Write the data out again, character for character, with no images.

Data provided Block Start

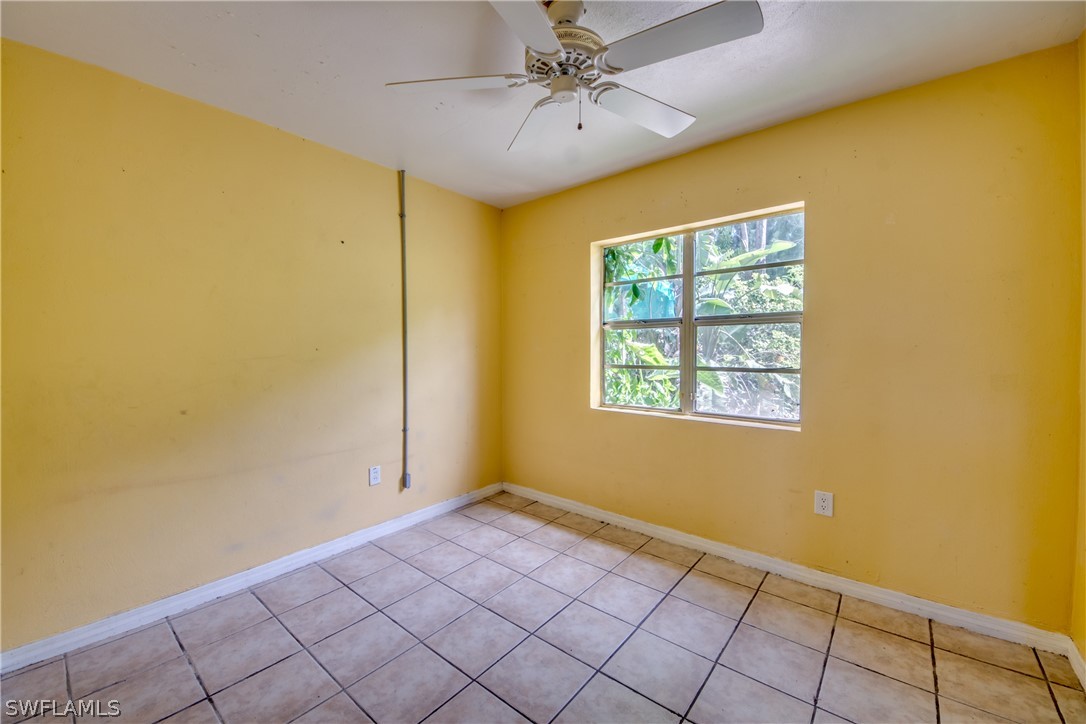 18481 Iris Road Fort Myers, FL 33967 - Photo 21 of 28 a view of an empty room with a window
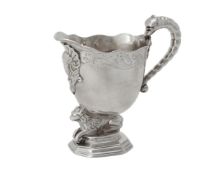 A George II unmarked silver cream jug attributed to David Willaume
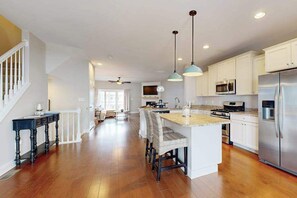 A spacious kitchen with a central island, white cabinetry, and stainless steel appliances. - Sandy Cove Townhouse w/ Water Views & Shared Pool, Private W/D, Free Wifi (Ocean View)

Data provided Block End

[Reply to the exercise]
 18481 Iris Road Fort Myers, FL 33967 - Photo 21 of 28 a view of an empty room with a window
 A George II unmarked silver cream jug attributed to David Willaume
 A spacious kitchen with a central island, white cabinetry, and stainless steel appliances. - Sandy Cove Townhouse w/ Water Views & Shared Pool, Private W/D, Free Wifi (Ocean View)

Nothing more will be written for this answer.